Blythe seemed at a loss for words. “You? I—I don’t know.”

“Sure you do. Think back to this morning. Think back on everything we’ve been through. No matter the misunderstandings, the hurdles, we’ve solved them, haven’t we?”

“Yes.”

“I’ve made every effort. When I’ve been at my lowest point, who did I turn to?”

Blythe didn’t answer at first. She stared down at Evie’s hand, making her wonder what she really saw.

“To me.” Blythe spoke almost inaudibly, and as she lifted her gaze, a tear dislodged and splashed down on Evie’s hand. “You came to me.”

“Yes. I did. What does that tell you?” she asked softly.

“You care.”

“Logically this means you have the power to hurt me too, doesn’t it?”

“Yes.” Blythe moved so fast, she didn’t see it coming. Suddenly she had her arms full of a trembling Blythe, who in turn clung to her, her teeth practically clattering.

“Shh. It’s okay.” If she let go of Blythe now, she wouldn’t have a second chance. This was it, the pivotal moment that would launch or incinerate their relationship. Despite her own doubts, she was the one who had to be strong. Blythe wasn’t the most trusting woman, to put it bluntly, and she recoiled faster than anyone she had ever known. Also her own struggles, her own lack of trust when it came to family, had the potential to wreck everything in a heartbeat.

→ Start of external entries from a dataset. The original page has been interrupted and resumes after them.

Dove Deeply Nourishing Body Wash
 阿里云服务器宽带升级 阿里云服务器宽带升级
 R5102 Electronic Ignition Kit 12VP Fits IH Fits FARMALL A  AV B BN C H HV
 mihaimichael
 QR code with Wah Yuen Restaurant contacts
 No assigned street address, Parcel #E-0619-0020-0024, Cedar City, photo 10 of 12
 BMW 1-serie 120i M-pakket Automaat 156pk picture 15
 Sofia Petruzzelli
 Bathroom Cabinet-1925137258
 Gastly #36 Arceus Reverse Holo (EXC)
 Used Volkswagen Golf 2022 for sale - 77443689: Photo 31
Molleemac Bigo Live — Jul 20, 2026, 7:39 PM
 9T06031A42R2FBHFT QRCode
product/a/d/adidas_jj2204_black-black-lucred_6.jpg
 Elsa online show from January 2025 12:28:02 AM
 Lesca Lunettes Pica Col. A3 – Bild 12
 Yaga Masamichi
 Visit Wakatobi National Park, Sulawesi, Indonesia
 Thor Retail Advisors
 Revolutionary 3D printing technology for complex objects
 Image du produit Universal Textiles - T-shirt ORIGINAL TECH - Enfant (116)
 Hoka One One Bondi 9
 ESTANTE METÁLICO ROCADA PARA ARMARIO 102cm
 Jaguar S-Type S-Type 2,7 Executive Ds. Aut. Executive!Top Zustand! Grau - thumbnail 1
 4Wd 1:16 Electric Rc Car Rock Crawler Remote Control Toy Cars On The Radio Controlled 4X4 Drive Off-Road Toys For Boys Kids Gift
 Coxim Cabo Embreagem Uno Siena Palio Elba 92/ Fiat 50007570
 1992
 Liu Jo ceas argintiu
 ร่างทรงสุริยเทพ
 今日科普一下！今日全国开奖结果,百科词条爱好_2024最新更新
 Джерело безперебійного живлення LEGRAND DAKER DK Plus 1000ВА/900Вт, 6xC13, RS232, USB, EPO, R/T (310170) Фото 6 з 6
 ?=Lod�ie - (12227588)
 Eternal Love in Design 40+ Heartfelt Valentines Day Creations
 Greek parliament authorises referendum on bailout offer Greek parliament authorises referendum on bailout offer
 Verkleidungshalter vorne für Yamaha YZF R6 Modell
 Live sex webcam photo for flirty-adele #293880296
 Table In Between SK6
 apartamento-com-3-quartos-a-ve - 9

“Evie. Evangeline.” Blythe pulled back a few inches and looked at her. “You’ve turned everything upside down for me. I had it all figured out. I thought. Work was all I needed, and work was the reason I approached you. I told myself that anyway. Quite good at fooling myself, as it turns out.”

“How do you mean?”

“I’ve been to so many different danger zones on this planet I can’t distinguish between some of them in my mind. They all mesh into a big blur of heat, mud, sand, death, blood, and severed limbs.” Blythe made a face. “Lovely bedside manners are also something I lack.”

“Go on.”

“Anyway, if it weren’t for my photos, I don’t think I could’ve told you what happened where. It’s all jumbled. Only one thing has been engraved on my mind. I close my eyes, and unless I deliberately force the image away, I see your car, that beautiful red Viper, so powerful, like you, drive into the flames and smoke. It then comes out on the other side, making a perfect spiral where it rolls through the air, engulfed with the most beautiful flames licking its body.” Blythe’s eyes lost themselves in the distance, and she knew she saw it right there and then. “I see this, and I know you’re in there. Hurt. Bleeding. Burned. And I can do nothing but repeatedly press the release on my camera. I look through it, see it all happening through the viewfinder.

“When more than eighteen months had passed and the vision was still with me, I knew I had to contact you. Not only to finish the job with the hope of shaking the images, but because the fact that I remembered this like I suddenly had an eidetic memory was a sign.”

“A sign?” Her heart pumped steadfast and quick. Reliving the horrific events of last year through Blythe’s words was almost more than she could bear.

“You meant more to me than I could explain. Than I knew.”